VI.
Cape of Good Hope.
Stay from 2nd to 26th October, 1857.
Contrasts of scenery and seasons at Cape Colony. Ramble through Simon's Town.—Malay Population.—The Toad-fish, or Sea-devil.—Rondebosch and its delightful scenery.—Cape Town.—Influence of the English element.—Scientific and other Institutions.—Botanical Gardens.—Useful plants.—Foreign Emigration.—A Caffre prophet and the consequences of his prophecies.—Caffre prisoners in the Armstrong Battery.—Five young Caffres take service as sailors on board the Novara.—Trip into the interior.—Stellenbosch.—Paarl.—Worcester.—Brandvalley.—The Mission of Moravian Brethren at Genaadendal.—Masticatories and intoxicating substances used by the Hottentots.—Caledon.—Somerset West.—Zandvliet.—Tomb of a Malay Prophet.—Horse Sickness.—Tsetse-fly.—Vineyards of Constantia.—Féte champêtre in honour of the Novara.—Excursion to the actual Cape of Good Hope.—Departure.—A life saved.—Experiments with Brook's deep-sea sounding apparatus.—Arrival at the Island of St. Paul in the South Indian Ocean.
There can scarcely be a landscape more gloomy and desolate than the sterile, rocky mountains, and white sandy plains, which, like snow-fields, inclose Simon's Bay. Coming from the charming coast of Brazil, with its luxuriant verdure, the contrast becomes doubly unpleasing. A narrow green strip of land, running along from a small fort, forms a refreshing sight and a resting point for the eye fatigued with looking at these grim masses of stone.
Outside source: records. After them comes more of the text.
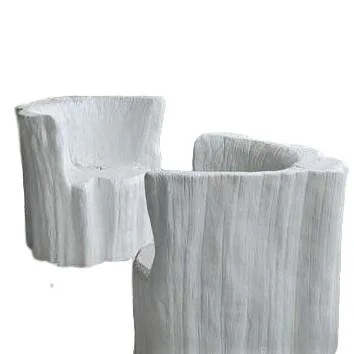 Outdoor Log Chairs in Cast Resin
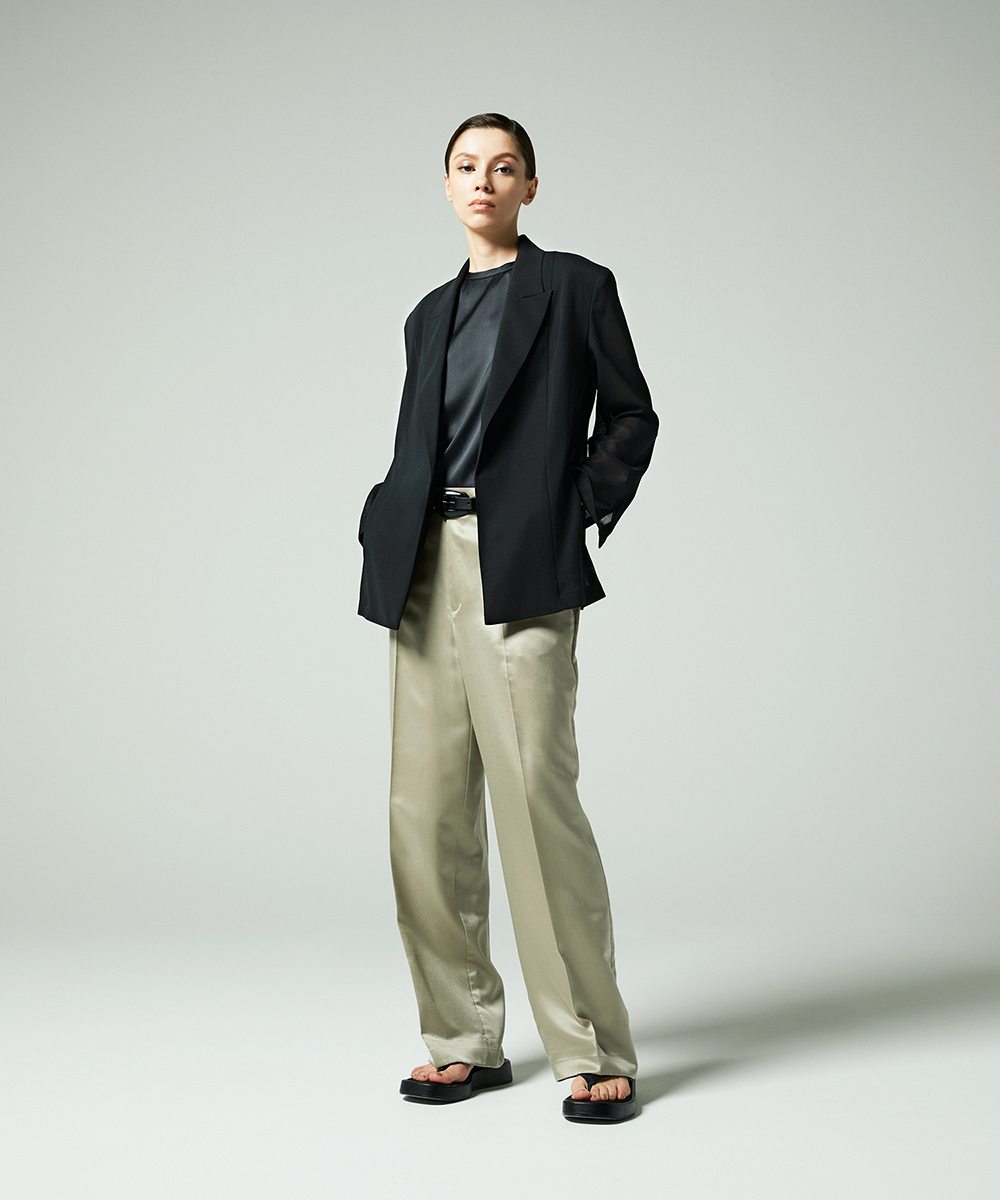 EAUVIRE シアーウールジャケット ブラック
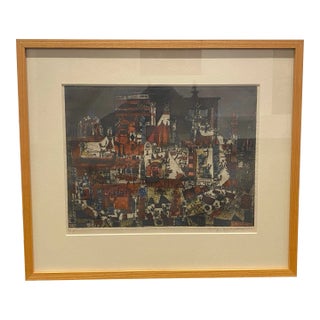 Vintage Ynes Johnston Framed Museum Listed Artist For Sale
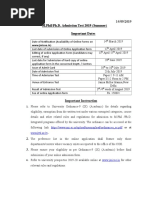 Dates and Instruction PDF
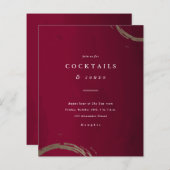 Papier Budget Gold Cocktail Dîner Fête Invitation (Devant / Derrière)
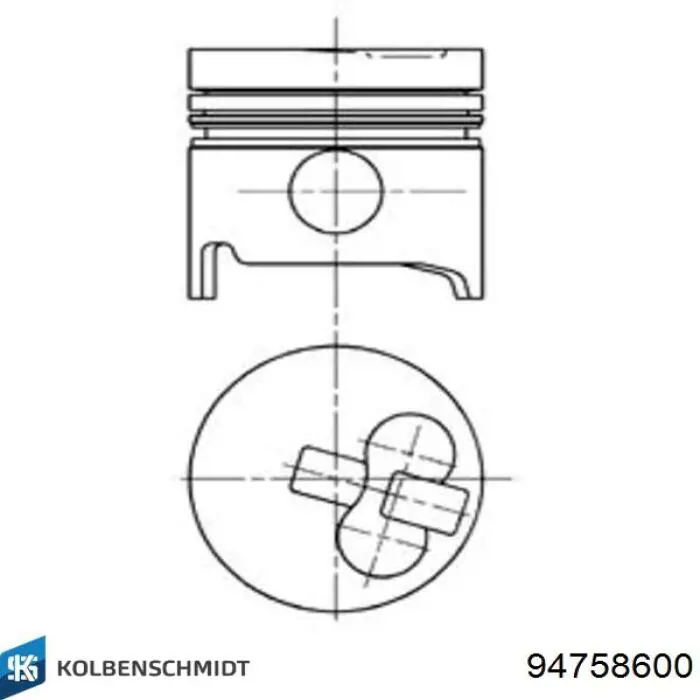 Tłok, komplet do jednego cylindru, STD do Toyota Hiace IV H1, H2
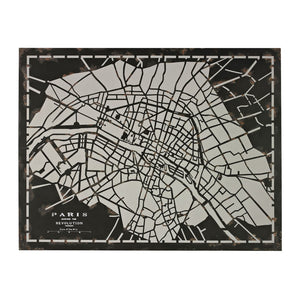 City Map of Paris Circa 1790 Wall Art 51-10117 Elk Home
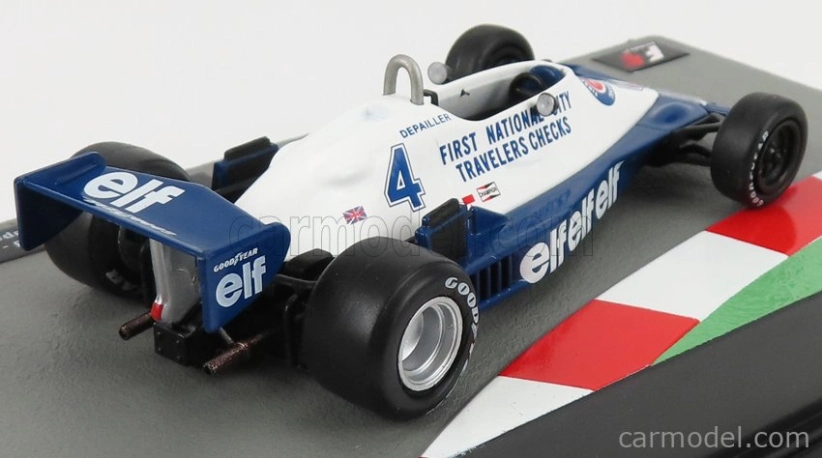Edicola Tyrrell F1 008 N 4 Sezóna 1978 Patrick Depailler 1:43 Modrá biela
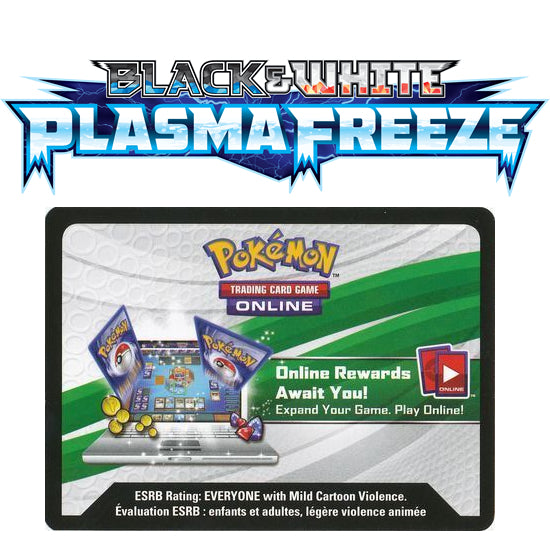 Pokemon Black & White: Plasma Freeze Online Booster Code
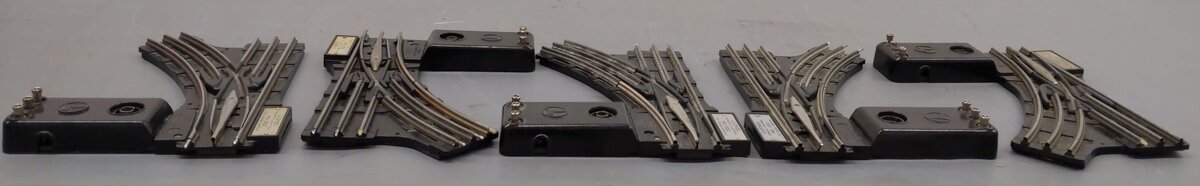 Lionel O22 Vintage O Left-Hand & Right-Hand Electric Remote Switches [5] VG
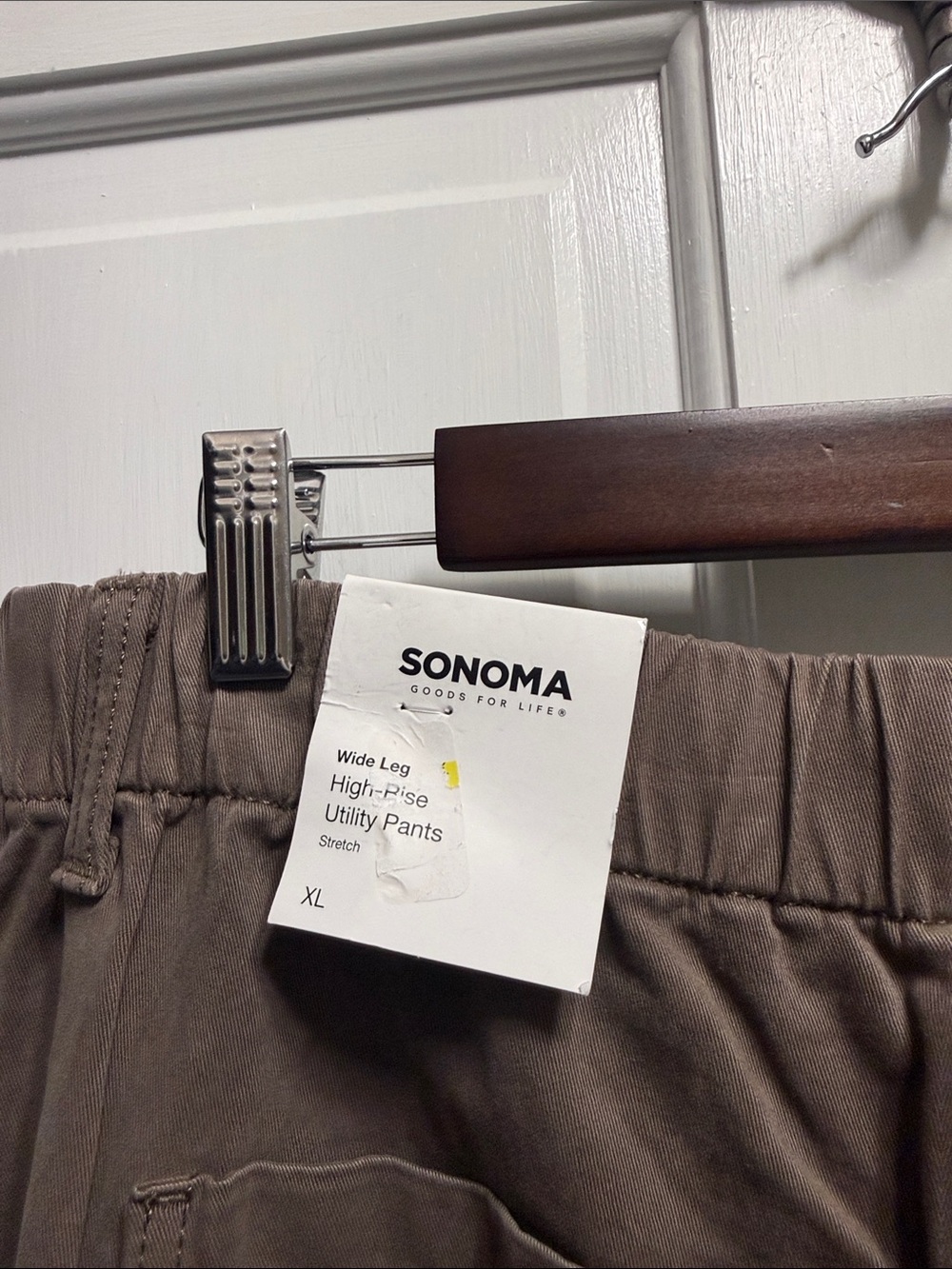 Sonoma wide leg high rise stretch utility pants - Picture 5 of 9
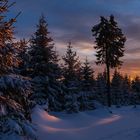 Sonnenuntergang am Brocken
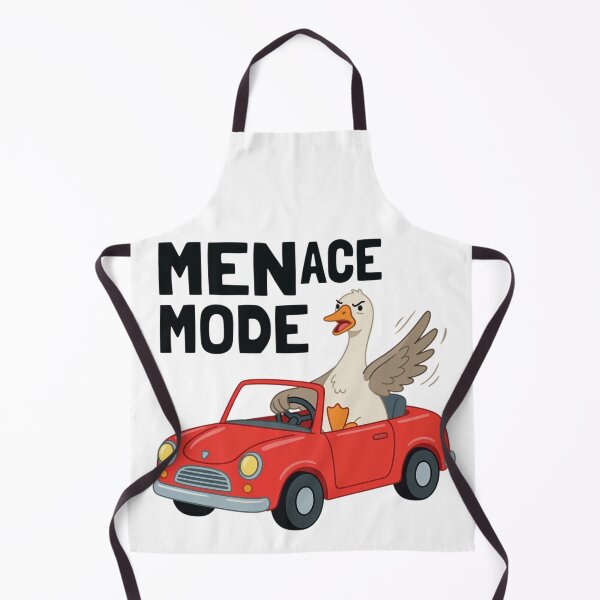 Item preview, Menace Mode Goose Driving Car Funny Chaotic Goose Meme Design designed and sold by Anastasiia Yurevych.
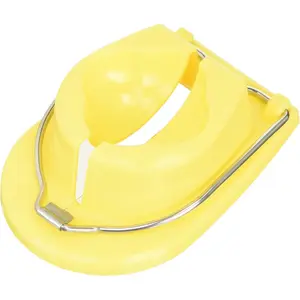 Gosei Egg Yellow, Width 3.3 x Length 4.7 x Height 1.5 inches (85 x 120 x 38 mm)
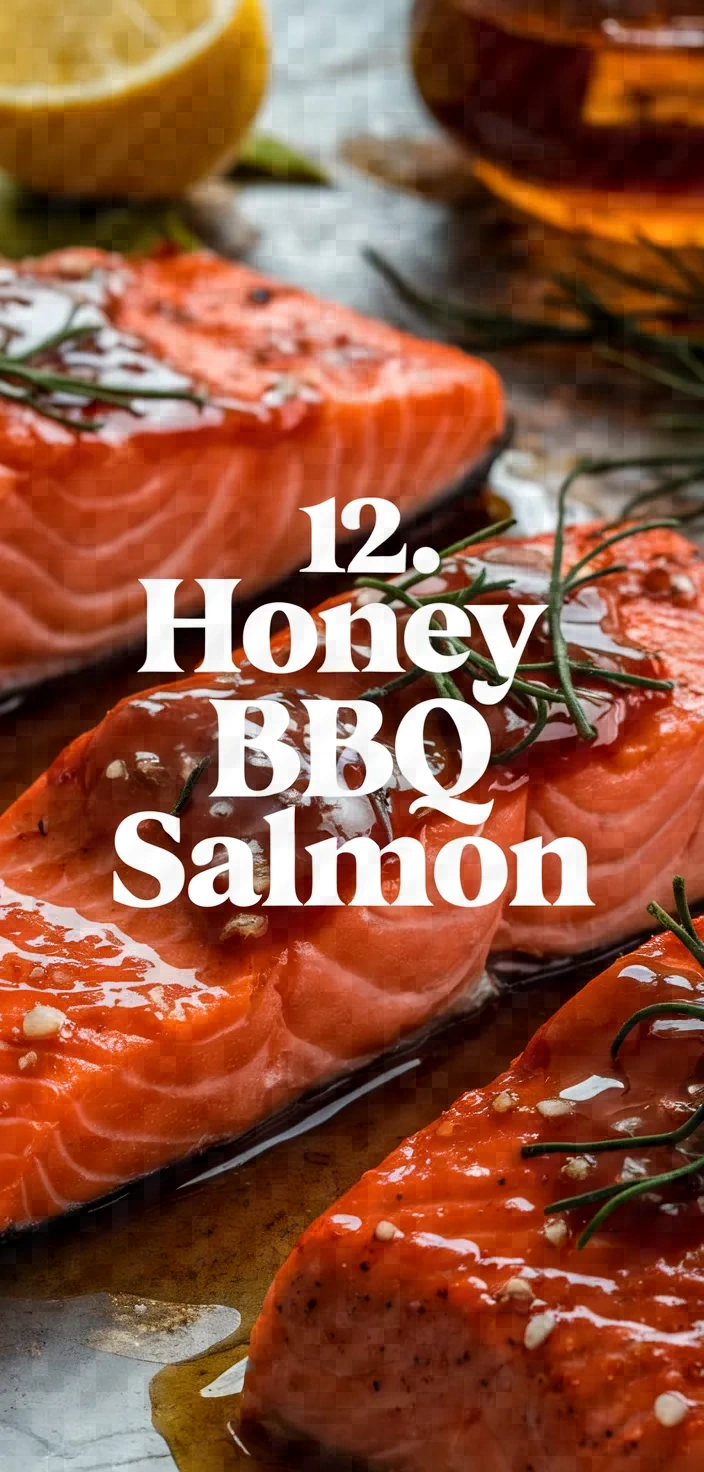 12. Honey BBQ Salmon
The traveller who merely touches at Simon's Bay without pushing into the interior, or who visits the Cape in the winter of the southern hemisphere (from April to September), can scarcely form an idea of the voluptuous loveliness which reigns during spring and summer in the interior of the colony, and will regard as fictitious those brilliant descriptions of its natural beauties, related by travellers who have been fortunate enough to visit this point of South Africa at those genial seasons.
Had we left the Cape without seeing anything else than the melancholy neighbourhood of False Bay and the dull little settlement of Simon's Town, on its left bank, we should have carried away very different impressions and ideas to those entertained after having during spring passed some weeks in the delightful interior, and obtained at the same time an insight into the social condition of the colony.
On the very day that we cast anchor in the bay, we took a stroll (our first footfall upon the soil of Africa) through Simon's Town, which consists of a single street of about forty clean, neat, and tidy-looking houses, straggling along the shore. The principal buildings are the Arsenal, the residence of the admiral of the station, five churches (one of which belongs to Roman Catholics), and two tolerably large hotels.
It is hardly possible to conceive any town occupying a more dreary dismal site, with the exception, perhaps, of some of the Peruvian settlements on the west coast of South America. While the eye, below this row of houses, beholds nothing but granite rocks thickly strewn with shells, the main street is overhung by steep sandstone rocks, which, despite the marvellous richness of the blooming flowers, that well repay the researches of the naturalist, have a naked gloomy aspect, viewed from a distance, and are environed right and left by waste patches of white sand.
The favourite walks of this small place seem to be along the shore, or on the road to Cape Town, into the soft sand of which the foot of the traveller is continually sinking. A number of ladies and gentlemen whom we met walking appeared to be somewhat surprised at the unusual appearance of an Austrian man-of-war, the flag of which was gaily fluttering in the gloomy bay. The residents in Simon's Town, amounting to about 800 souls, are mostly Malays, descendants of those numerous compulsory emigrants, who, during the period of Dutch ascendency at the Cape, had been transported from Java and other islands of the Indian Archipelago, owing to the want of labour or for political causes. For the Dutch used to send to the Cape Colony, as a place of banishment, many wealthy and influential Malay families, by whom the first germs of Mohammedanism were introduced into South Africa. It would even seem that the religious opinions of the Malay population exercise some influence on the habits of the Christian settlers of Simon's Town, as no butcher, for instance, would venture to kill and sell pigs for fear of giving offence to his Mohammedan customers.
On a fine spring morning we started in a handsome vehicle from Simon's Bay to Cape Town. The road runs close along the seashore, which, seen from a distance, apparently consists of nothing but sand and rock, but, on more near acquaintance, exhibits at various points delightful nooks decked with most beautiful flowers. Everything indicated, by its glorious blooming garment, the bursting forth of spring.